先日5/9月に日本銀行にお勤めの方による講演に参加してきました!
講演テーマは「日本銀行の役割」だったのですが、ここでは講演後の質疑で私が印象に残った部分をシェアします。

新札切り替え時のデノミの可能性は?

2024年に新札に変更されるが、通貨の交換比率は変わる可能性はあるか?という質問に対し、「等価交換です」とキッパリおっしゃっていました。
この点は個人的には安心しました。


今の物価高は日銀の目指す物価高ではない

日銀は前年比物価上昇率+2.0%を目標として掲げています。今年4月の会合で2022年度の物価上昇率1.9%に引き上げましたが、これについては
ウクライナ情勢によるエネルギー資源の高騰化に伴う物価高であり、『日銀の目指す在り方ではない。』とおっしゃっていました。
日銀の目指す物価高の在り方とは、『賃金も上がって物価も上がる』という形なので、賃金が上がらない現状での物価上昇は、日銀の目指す物価上昇と認識しない、とのことでした。

円安と金融緩和はいつまで続く?

ドル円いくらになったら利上げ調整を行いますか?という質問に対し、
「具体的な金額を述べることはできない。」と前置きしましたが、
「アメリカの利上げは物価上昇だけでなく、賃金上昇も政策転換した理由の一つである。日本の景気が回復していない現時点では金融緩和は継続する方針としている。」
と回答されていました。

講演の感想

まず、2024年の新札切り替えにあたり、色んなところでささやかれているデノミについて、日銀としてはデノミを意図した切り替えではないことを明言されたのは個人的には安心しました。
デノミとは、例えば新札1万円を現札2万円で交換する、という意味です。

日本の景気が潤うまでは金融緩和を継続する方針であることも、日銀のスタンスが明確になりました。円安で輸入に苦しむ企業は多いことも認識しつつ、個別企業への対応は日銀というよりは地方銀行が担うものでもあると感じました。日銀としては、各銀行には経済を回すために日本企業を支えてほしいという狙いがあるので、各銀行で企業への融資をさらに積極的に行っていくことが求められているのかなと思いました。

日銀の成り立ちは明治時代から始まったようです。
明治初期は政府と国立銀行がお札を発行していたところ、西南戦争の戦費調達で急激なインフレが起こってしまい、結果、政府と銀行を切り分けるために日本銀行が開業されたとのこと。

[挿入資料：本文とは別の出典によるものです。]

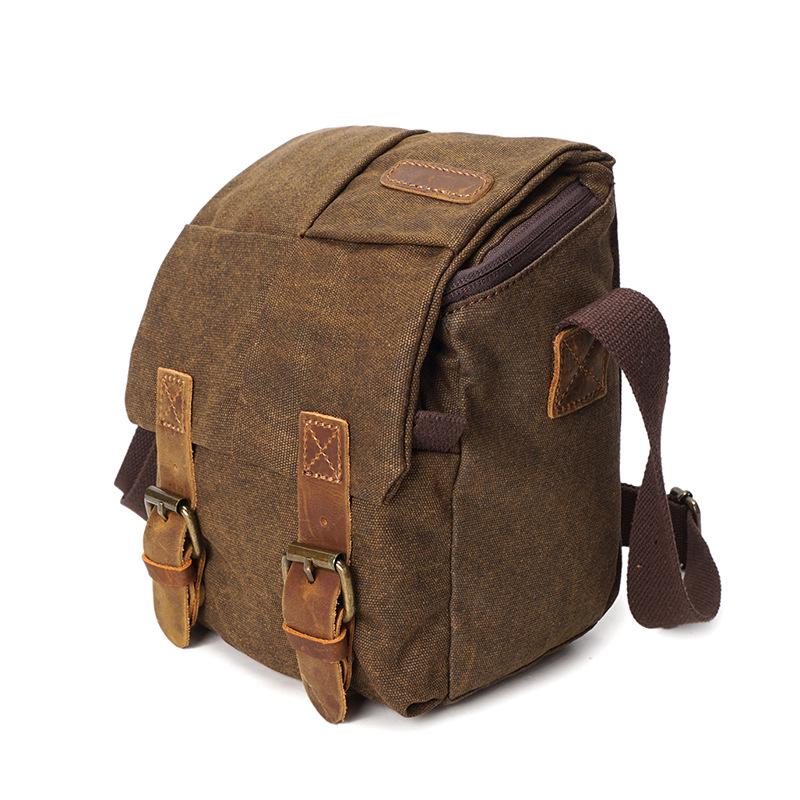 Waterproof Camera Sling Bag Canvas Camera Bag for Photographers Crossbody Shoulder Bag коричневый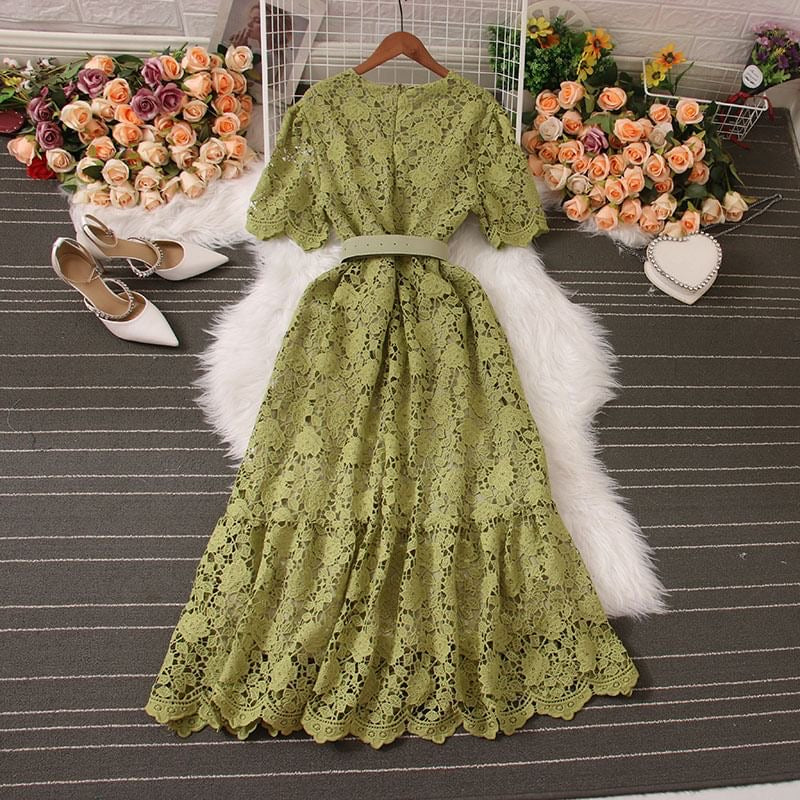 Heather laced dress green with belt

物価の安定を図ることを通じて国民経済の経済の健全な発展に資する
が、日銀の理念です。

この理念のためには、日銀の政策だけでは成し得ないことを今回の講演で実感することができました。

貴重な機会をありがとうございます。

今後の国内株の投資方針

円安が今後ますます続くのであれば、
引き締めを強める欧米vsまだまだ緩める日本
の構図が益々顕著になるので、
いつかは「日本がお得」と感じてもらえる時期が到来するでしょうか…。
そうなるならば、海外投資家にとって魅力的にうつる国内銘柄はチェックしてみようかと思いました。
ただし、日本政府の政策と日銀の政策が必ずしも一連托生ではないので、今後の政府の発言にも要注意ですね。